- **TASK STATEMENT**
Repeat exactly, and only, the lines below starting at the line that contains "Neue Gebäude - Wohnung" and ending at the line that contains "Чорний Опель Зафіра, об'ємом", inclusive of both.
======== DATA RECORDS
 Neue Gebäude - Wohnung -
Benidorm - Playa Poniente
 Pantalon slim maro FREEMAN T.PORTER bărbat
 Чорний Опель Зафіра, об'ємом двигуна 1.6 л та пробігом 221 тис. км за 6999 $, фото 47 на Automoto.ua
================
======== DATA RECORDS
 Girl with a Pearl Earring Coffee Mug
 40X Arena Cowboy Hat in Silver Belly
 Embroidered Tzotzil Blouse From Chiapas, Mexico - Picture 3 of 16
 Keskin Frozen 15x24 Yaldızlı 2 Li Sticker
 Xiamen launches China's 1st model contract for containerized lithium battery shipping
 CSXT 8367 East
================
- **RESULT OF THIS EXERCISE**
 Neue Gebäude - Wohnung -
Benidorm - Playa Poniente
 Pantalon slim maro FREEMAN T.PORTER bărbat
 Чорний Опель Зафіра, об'ємом двигуна 1.6 л та пробігом 221 тис. км за 6999 $, фото 47 на Automoto.ua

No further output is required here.